• Exercise prompt: Once the line holding "2471 Alton Street - Photo 29" is found in the listing below, write it out and each later line exactly, up to and including the one holding "Image of 800".

• Material for this task:
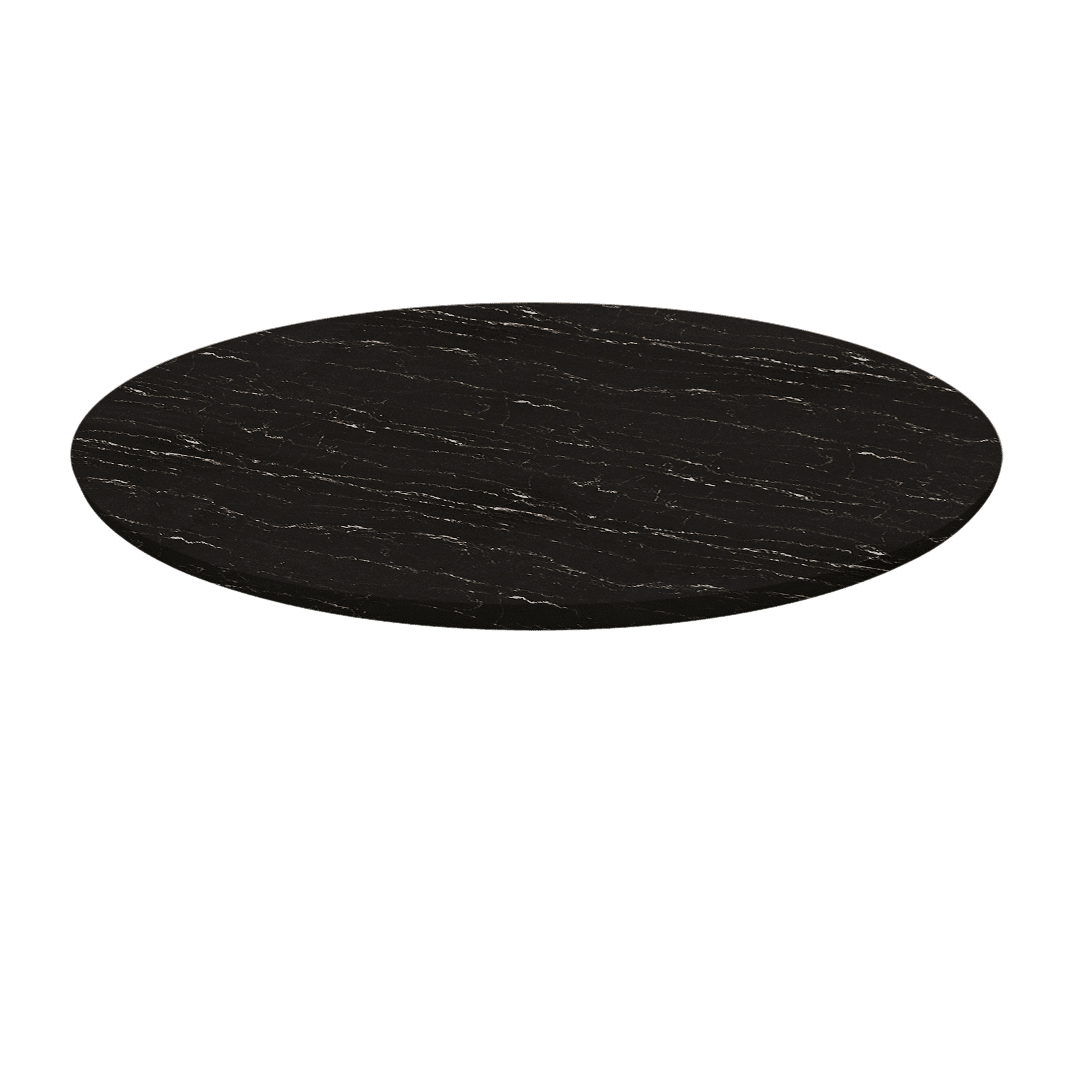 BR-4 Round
--
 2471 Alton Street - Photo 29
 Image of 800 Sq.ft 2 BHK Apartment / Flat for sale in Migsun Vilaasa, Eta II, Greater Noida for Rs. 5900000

• Expected answer:
 2471 Alton Street - Photo 29
 Image of 800 Sq.ft 2 BHK Apartment / Flat for sale in Migsun Vilaasa, Eta II, Greater Noida for Rs. 5900000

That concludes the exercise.